Text from the "Dies irae" often used in music

"Pie Jesu" (/'piː.eɪ 'jeɪ.zuː, -suː/ PEE-ay-YAY-zu; original Latin: "Pie Iesu" //ˈpi.e ˈje.su//) is a text from the Lacrimosa, a hymn in the sequence "Dies irae," where it is the final (nineteenth) couplet. The couplet is often included in musical settings of the Requiem Mass as a motet. The phrase means "pious Jesus" in the vocative.

==Popular settings==
The settings of the Requiem Mass by Marc-Antoine Charpentier (H.234, H.263, H.269, H.427), Luigi Cherubini, Antonin Dvořák, Gabriel Fauré, Maurice Duruflé, John Rutter, Karl Jenkins, Kim André Arnesen and Fredrik Sixten include a "Pie Jesu" as an independent movement. Decidedly, the best known is the "Pie Jesu" from Fauré's Requiem. Camille Saint-Saëns, who died in 1921, said of Fauré's "Pie Jesu": "Just as Mozart's is the only 'Ave verum corpus', this is the only 'Pie Jesu'."

Andrew Lloyd Webber's setting of "Pie Jesu" in his Requiem (1985) has also become well known and has been widely recorded, including by Sarah Brightman, Charlotte Church, Jackie Evancho, Sissel Kyrkjebø, Ylvis, Marie Osmond, Anna Netrebko, Lucy Thomas (as a duet with her sister Martha Thomas), Malakai Bayoh and others.
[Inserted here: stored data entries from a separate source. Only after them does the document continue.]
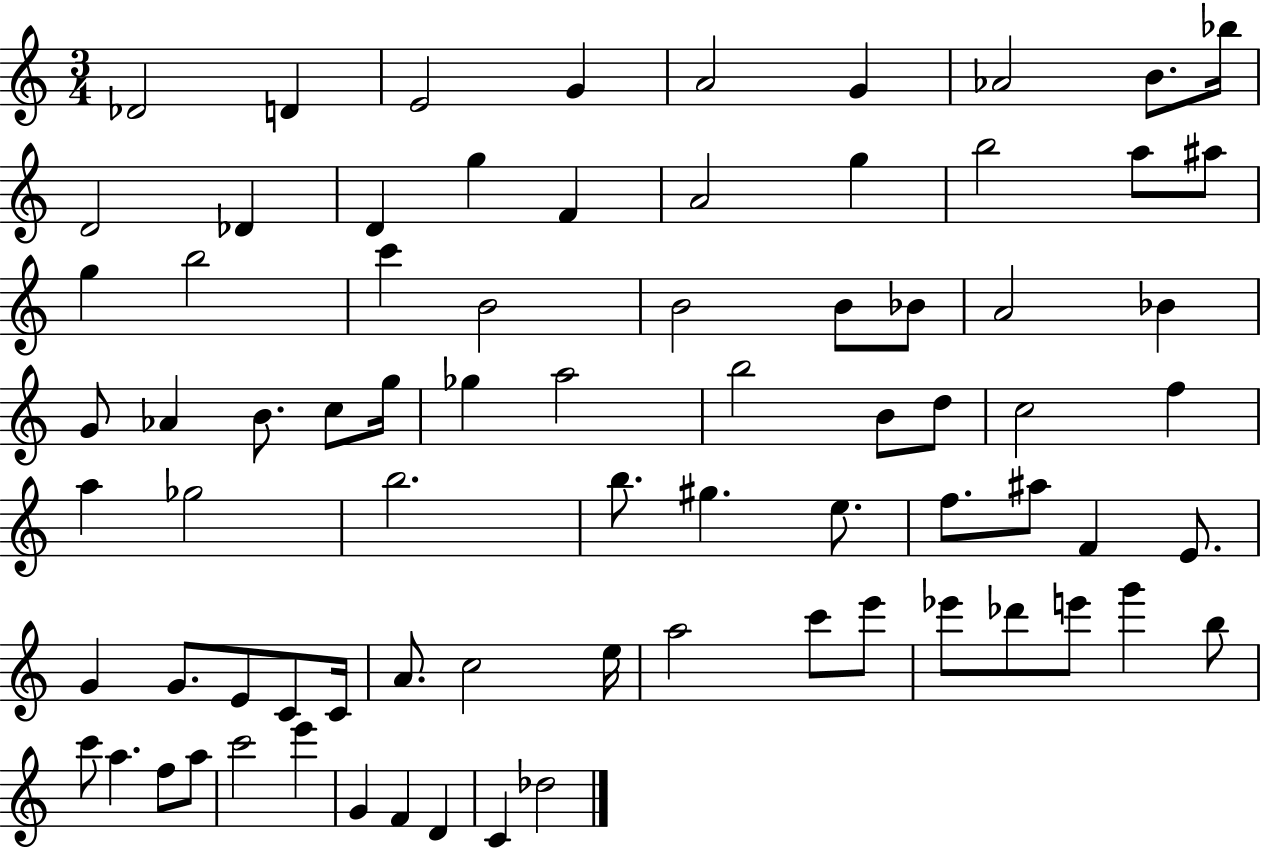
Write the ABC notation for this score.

X:1
T:Untitled
M:3/4
L:1/4
K:C
_D2 D E2 G A2 G _A2 B/2 _b/4 D2 _D D g F A2 g b2 a/2 ^a/2 g b2 c' B2 B2 B/2 _B/2 A2 _B G/2 _A B/2 c/2 g/4 _g a2 b2 B/2 d/2 c2 f a _g2 b2 b/2 ^g e/2 f/2 ^a/2 F E/2 G G/2 E/2 C/2 C/4 A/2 c2 e/4 a2 c'/2 e'/2 _e'/2 _d'/2 e'/2 g' b/2 c'/2 a f/2 a/2 c'2 e' G F D C _d2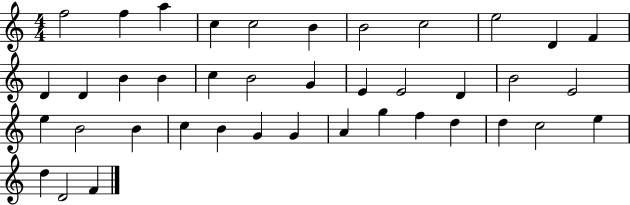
{
  \clef treble
  \numericTimeSignature
  \time 4/4
  \key c \major
  f''2 f''4 a''4 | c''4 c''2 b'4 | b'2 c''2 | e''2 d'4 f'4 | \break d'4 d'4 b'4 b'4 | c''4 b'2 g'4 | e'4 e'2 d'4 | b'2 e'2 | \break e''4 b'2 b'4 | c''4 b'4 g'4 g'4 | a'4 g''4 f''4 d''4 | d''4 c''2 e''4 | \break d''4 d'2 f'4 | \bar "|."
}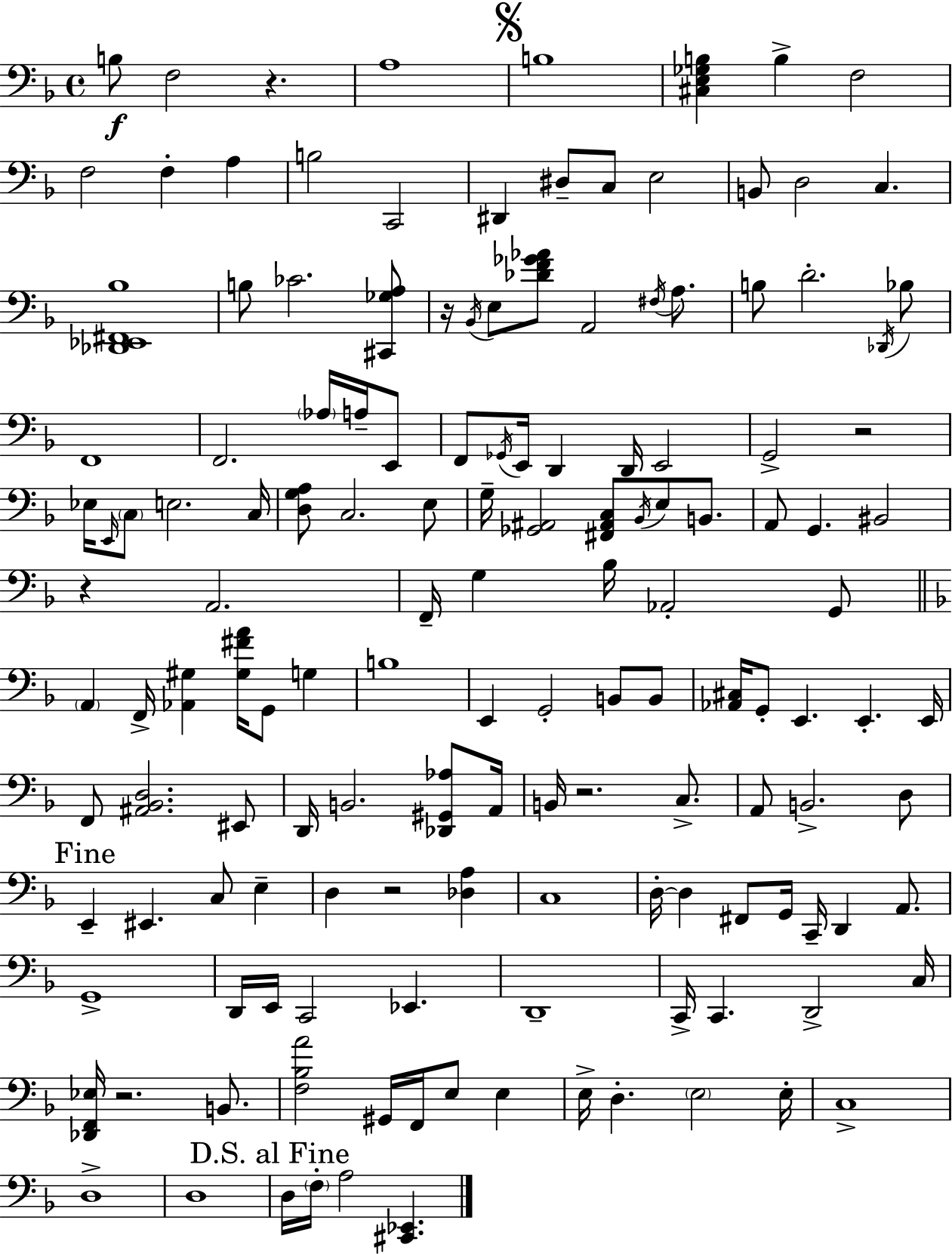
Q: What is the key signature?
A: F major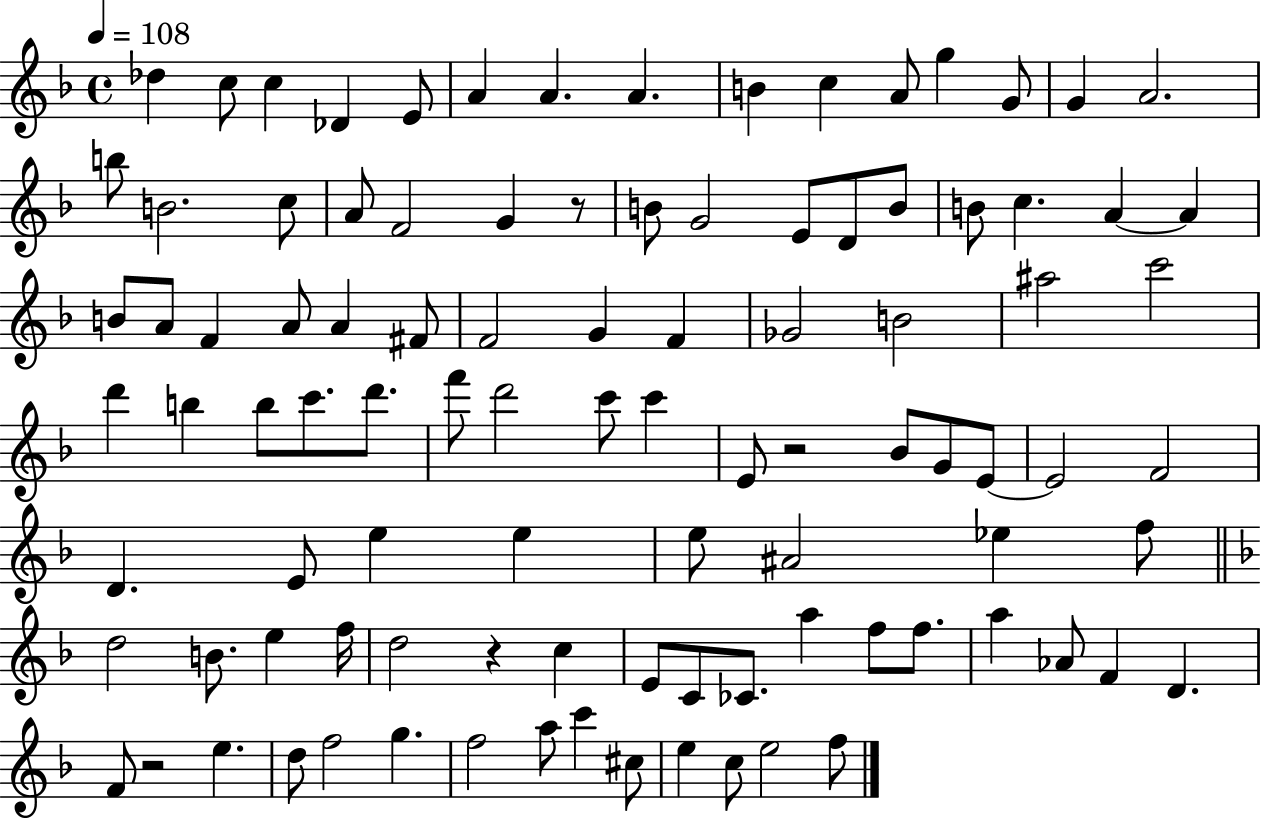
X:1
T:Untitled
M:4/4
L:1/4
K:F
_d c/2 c _D E/2 A A A B c A/2 g G/2 G A2 b/2 B2 c/2 A/2 F2 G z/2 B/2 G2 E/2 D/2 B/2 B/2 c A A B/2 A/2 F A/2 A ^F/2 F2 G F _G2 B2 ^a2 c'2 d' b b/2 c'/2 d'/2 f'/2 d'2 c'/2 c' E/2 z2 _B/2 G/2 E/2 E2 F2 D E/2 e e e/2 ^A2 _e f/2 d2 B/2 e f/4 d2 z c E/2 C/2 _C/2 a f/2 f/2 a _A/2 F D F/2 z2 e d/2 f2 g f2 a/2 c' ^c/2 e c/2 e2 f/2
Performed by Sarah Brightman and Paul Miles-Kingston, it was a certified Silver hit in the UK in 1985.

==In popular culture==
The couplet is chanted by a group of flagellant monks as a running gag during the 1975 film Monty Python and the Holy Grail.

==Text==
The original text, derived from the "Dies irae" sequence, is as follows: (Note: Pie is the vocative of the word pius ("pious", "dutiful to one's parent or God"). "Jesu" (Iesu in Latin) is the vocative of Jesus/Iesus. Requiem is the accusative of requies ("rest"), sometimes mistranslated as "peace", although that would be pacem, as in Dona nobis pacem ("Give us peace").)

|
Pie Jesu Domine, Dona eis requiem. (×2) Pie Jesu Domine, Dona eis requiem sempiternam.
 |
Pious Lord Jesus, Give them rest. Pious Lord Jesus, Give them everlasting rest.
 |

===Andrew Lloyd Webber's Requiem text===
Andrew Lloyd Webber, in his Requiem, combined the text of the "Pie Jesu" with the version of the "Agnus Dei" from the Tridentine Requiem Mass:

|
Pie Jesu, (×4) Qui tollis peccata mundi, Dona eis requiem. (×2) Agnus Dei, (×4) Qui tollis peccata mundi, Dona eis requiem, (×2) Sempiternam (×2) Requiem.
 |
Pious Jesus, Who takes away the sins of the world, Give them rest. Lamb of God, Who takes away the sins of the world, Give them rest, Everlasting Rest.